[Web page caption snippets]
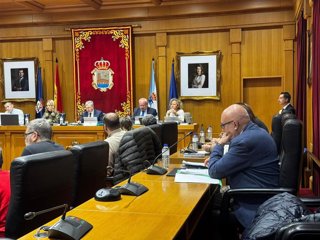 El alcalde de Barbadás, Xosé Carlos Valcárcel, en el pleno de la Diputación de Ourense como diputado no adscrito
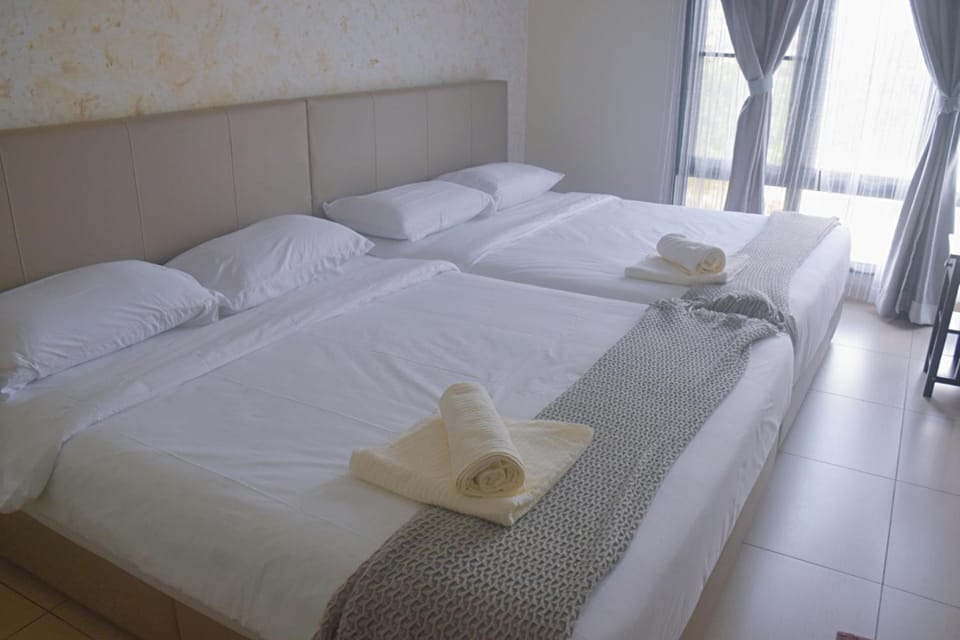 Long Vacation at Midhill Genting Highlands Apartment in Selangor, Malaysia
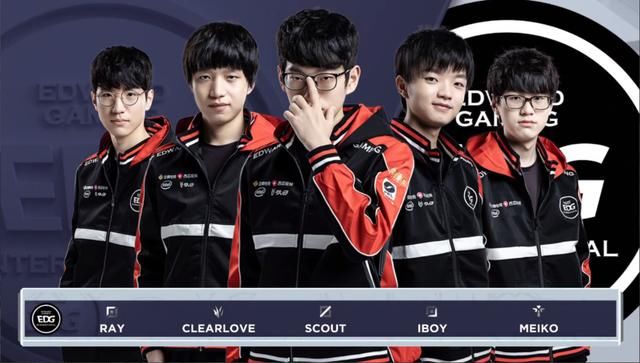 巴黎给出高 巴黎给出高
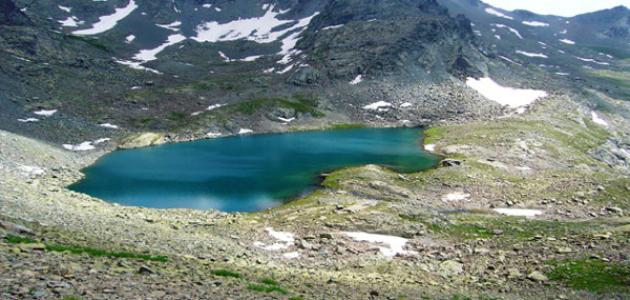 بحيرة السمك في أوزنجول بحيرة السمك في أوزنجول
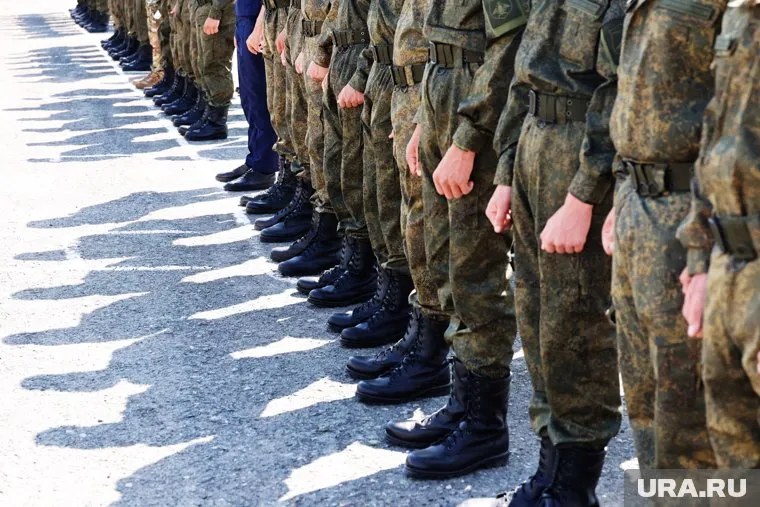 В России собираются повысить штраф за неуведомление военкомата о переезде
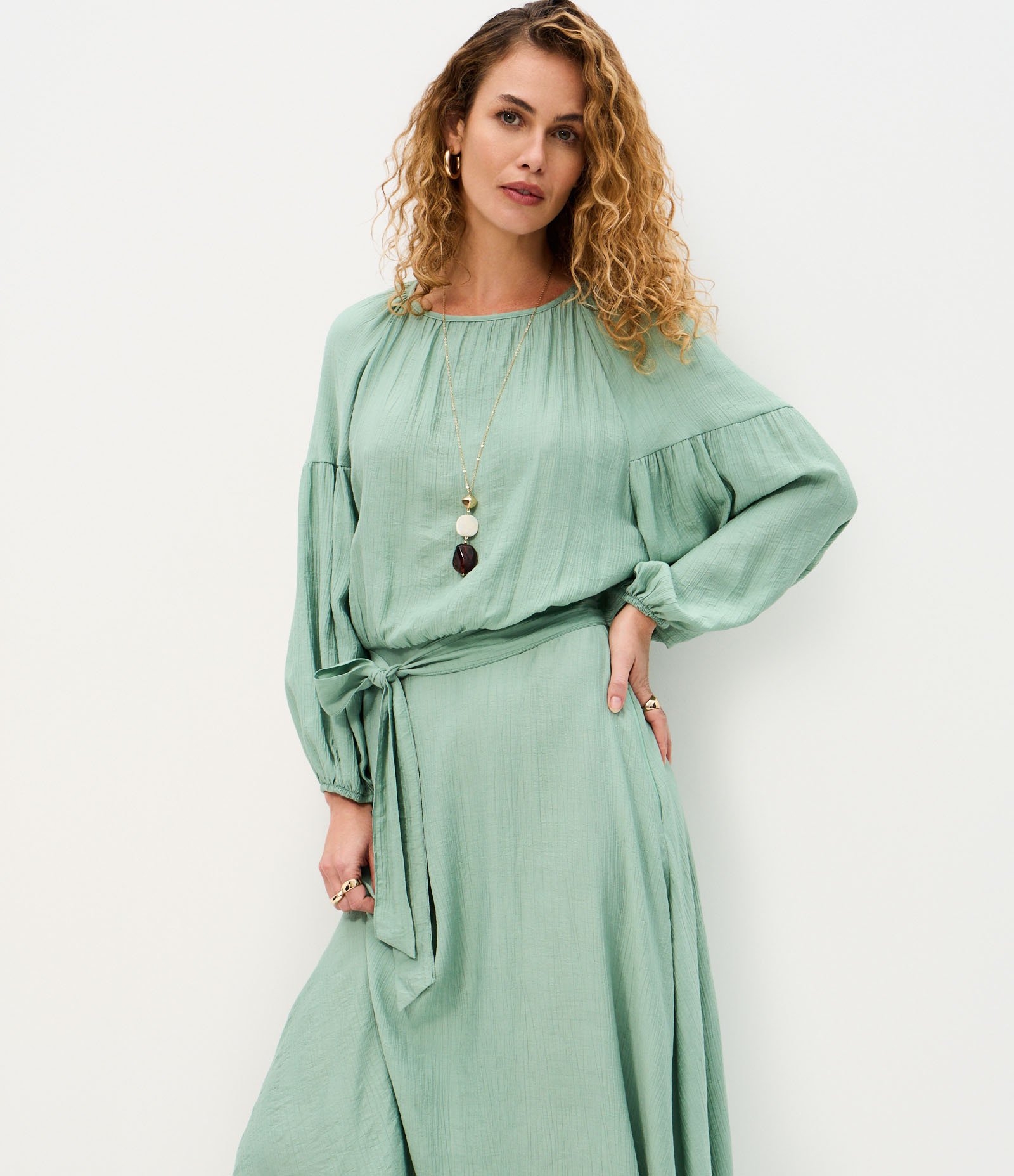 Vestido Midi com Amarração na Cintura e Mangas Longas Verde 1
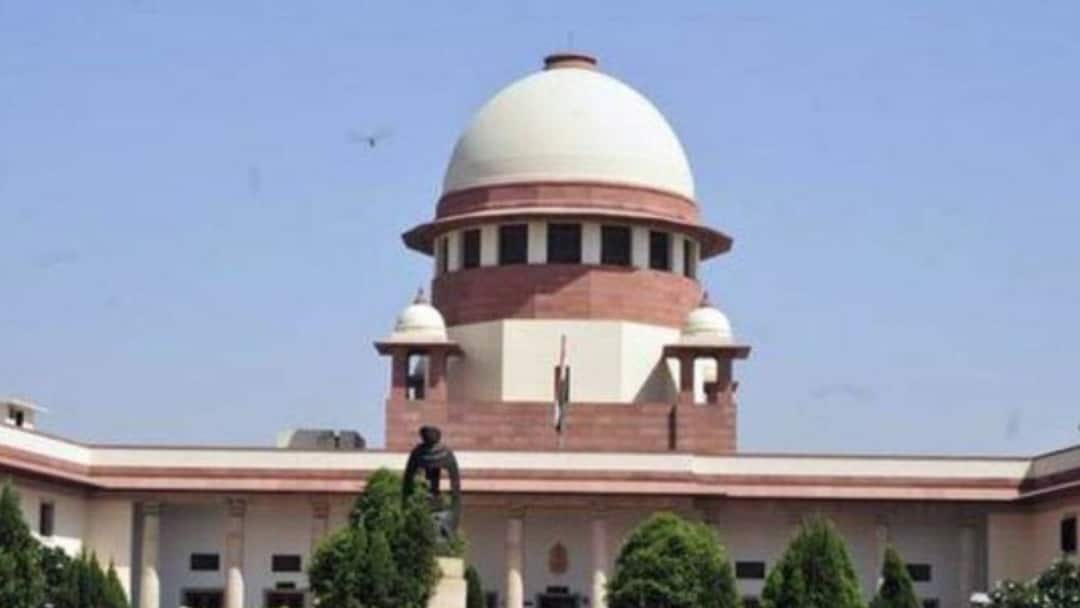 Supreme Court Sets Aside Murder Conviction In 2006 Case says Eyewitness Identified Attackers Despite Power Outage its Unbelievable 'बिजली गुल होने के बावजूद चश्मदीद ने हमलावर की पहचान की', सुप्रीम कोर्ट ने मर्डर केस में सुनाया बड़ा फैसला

PROBLEM STATEMENT: What you return should match the records line for line, minus the pictures.

REPLY TO THE EXERCISE:
 El alcalde de Barbadás, Xosé Carlos Valcárcel, en el pleno de la Diputación de Ourense como diputado no adscrito
 Long Vacation at Midhill Genting Highlands Apartment in Selangor, Malaysia
 巴黎给出高 巴黎给出高
 بحيرة السمك في أوزنجول بحيرة السمك في أوزنجول
 В России собираются повысить штраф за неуведомление военкомата о переезде
 Vestido Midi com Amarração na Cintura e Mangas Longas Verde 1
 Supreme Court Sets Aside Murder Conviction In 2006 Case says Eyewitness Identified Attackers Despite Power Outage its Unbelievable 'बिजली गुल होने के बावजूद चश्मदीद ने हमलावर की पहचान की', सुप्रीम कोर्ट ने मर्डर केस में सुनाया बड़ा फैसला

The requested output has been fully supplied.